The director kept the general illumination on so Lamb would have to recognise the audience’s existence. It was a turning point in the actor’s career. “Gradually, it got better. Because we were doing the show for the majority of the year, slowly the stage fright disappeared, until I was poised and openly connecting to the audience.”

Now 78, Lamb no longer has the vigor for theatre but relishes his gigs, delivering his own poetry. He says that, as an actor, he kept obstructing of his persona. “You’re not giving the freedom – it’s too much yourself, not enough role.”

Harmony Rose-Bremner, who was cast in The Years in 2024, echoes this. “Self-awareness and insecurity go opposite everything you’re trying to do – which is to be uninhibited, relax, fully immerse yourself in the character. The question is, ‘Can I make space in my thoughts to permit the character through?’” In The Years, as one of five actors all portraying the same woman in distinct periods of her life, she was excited yet felt intimidated. “I’ve developed doing theatre. It was always my safe space. I didn’t ever think I’d ever feel stage fright.”

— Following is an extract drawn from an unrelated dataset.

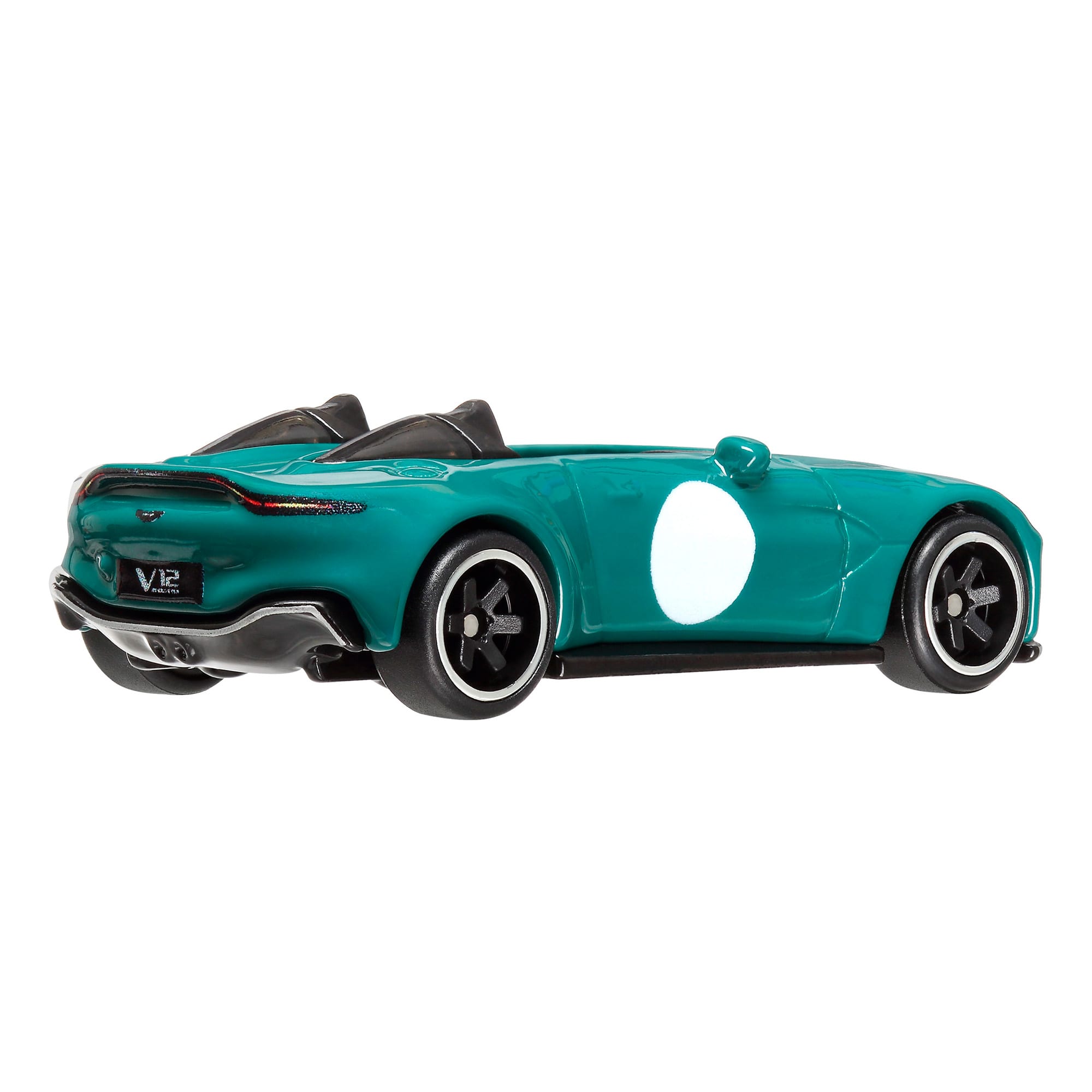 Hot Wheels Car Culture Aston Martin V12 Speedster (Creations Exclusive)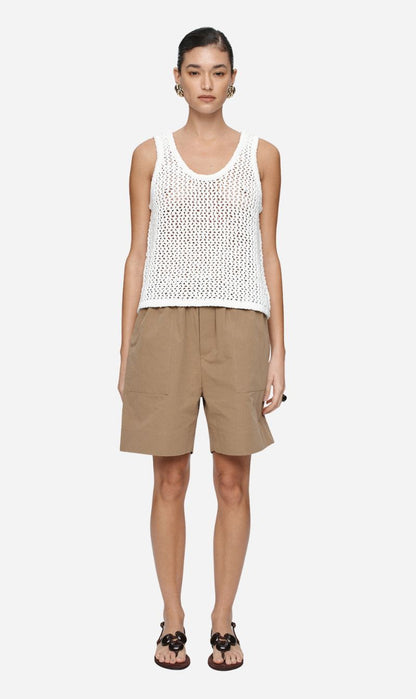 Marle | Nova Top - Blanc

‘Like your air is being sucked up’ … Harmony Rose-Bremner, right, with the cast of The Years.

She remembers the night of the opening try-out. “I really didn’t know if I could perform,” she says. “It was the only occasion I’d experienced like that.” She succeeded, but felt swamped in the very first opening scene. “We were all stationary, just addressing into the dark. We weren’t observing one other so we didn’t have each other to bounce off. There were just the dialogue that I’d listened to so many times, reaching me. I had the classic signs that I’d had in small doses before – but never to this level. The sensation of not being able to breathe properly, like your air is being extracted with a vacuum in your torso. There is nothing to hold on to.” It is intensified by the sensation of not wanting to let other actors down: “I felt the obligation to the entire cast. I thought, ‘Can I survive this enormous thing?’”

Zachary Hart points to insecurity for triggering his performance anxiety. A spinal condition ruled out his hopes to be a footballer, and he was working as a machine operator when a companion applied to drama school on his behalf and he got in. “Appearing in front of people was utterly unfamiliar to me, so at training I would go last every time we did something. I continued because it was pure escapism – and was superior than industrial jobs. I was going to do my best to beat the fear.”

His debut acting job was in Nicholas Hytner’s Julius Caesar at the Bridge theatre. When the cast were told the play would be filmed for NT Live, he was “frightened”. A long time later, in the opening try-out of The Constituent, in which he was chosen alongside James Corden and Anna Maxwell-Martin, he delivered his initial line. “I listened to my accent – with its strong Black Country dialect – and {looked

John Santana
John Santana

A tech enthusiast and digital strategist with over a decade of experience in helping businesses adapt to technological changes.